Savannah Energy signed an agreement with the Ministry of Petroleum, Energy and Renewable Energies of the Republic of Niger for the construction and operation of Parc Eolien de la Tarka.
It will be built on the basis of an Independent Power Producer (IPP) in the Tahoua region of southern Niger.
The project is expected to be sanctioned in 2023, with first power generation in 2025.
Parc Eolien de la Tarka is expected to be owned by a Savannah subsidiary, Savannah Parc Eolien de la Tarka (SPET).
The wind farm will house up to 60 wind turbines.
In the initial phase of the project, SPET will carry out a 24-month feasibility study that will include an assessment to confirm wind conditions and an assessment of how the power generated would be incorporated into national and regional power grids.
The project is expected to take advantage of the development of the West African Power Pool (WAPP), a high-voltage interconnection network that allows energy exchanges between the countries of the region and greater stability of the network.
Niger is scheduled to connect to the WAPP in 2023 through a 330 kV line financed by the World Bank, the African Development Bank, the European Union and the Agence Francaise de Developmentpement.

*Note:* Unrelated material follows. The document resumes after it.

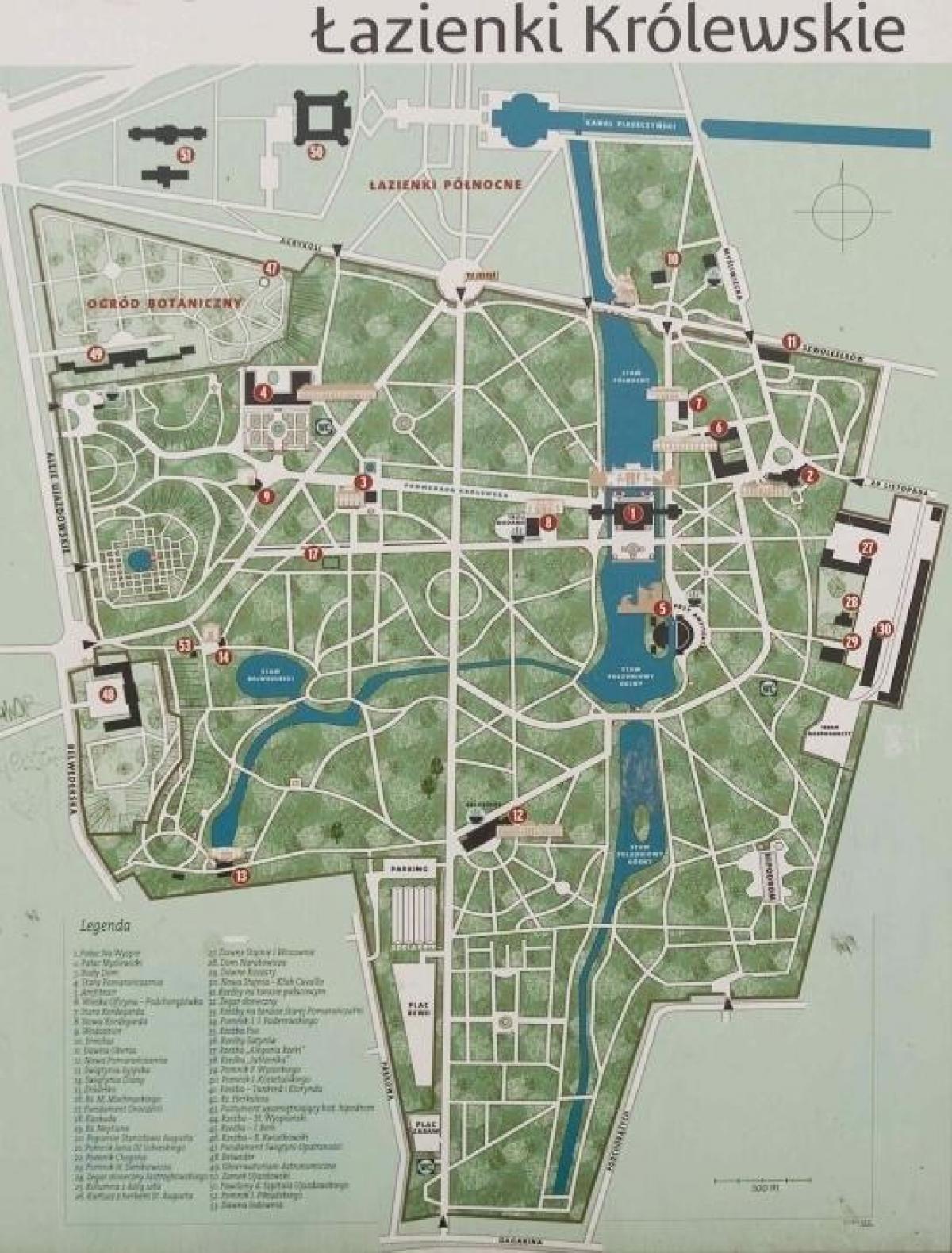 lazienki پارک وارسا نقشہ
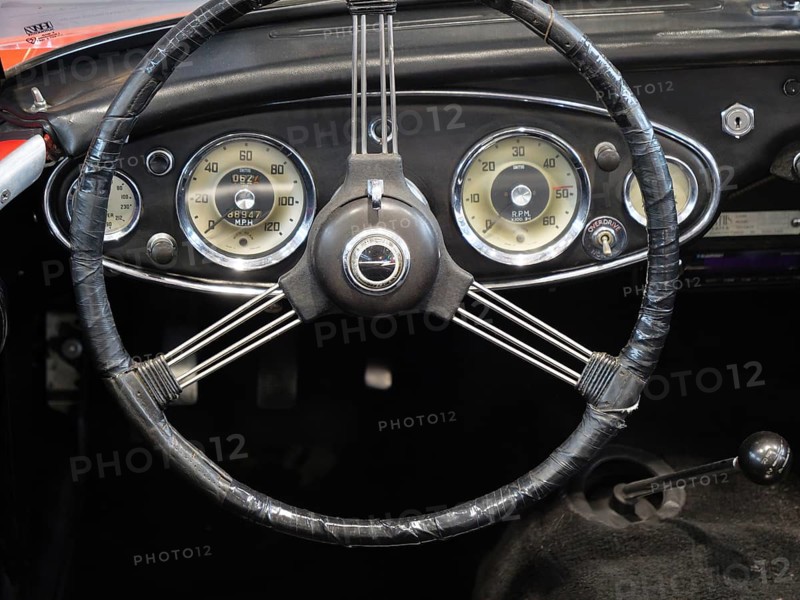 A stylish steering wheel in a classic car, featuring a retro feel and classic instruments, Cologne, Germany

The construction phase of the project is expected to create more than 500 jobs.
Savannah expects to finance the Project from a combination of its own internally generated cash flows and project-specific debt.
Sani Mahamadou, Minister of Petroleum, Energy and Renewable Energies of the Republic of Niger, said: “I am delighted to announce today our plans for the development of Parc Eolien de la Tarka.
“This is a truly transformational project for Niger, which could significantly increase power generation capacity in the country’s grid.
“Such a project is expected to spur a significant increase in economic activity across our country, directly and indirectly creating thousands of jobs over the course of the next decade.”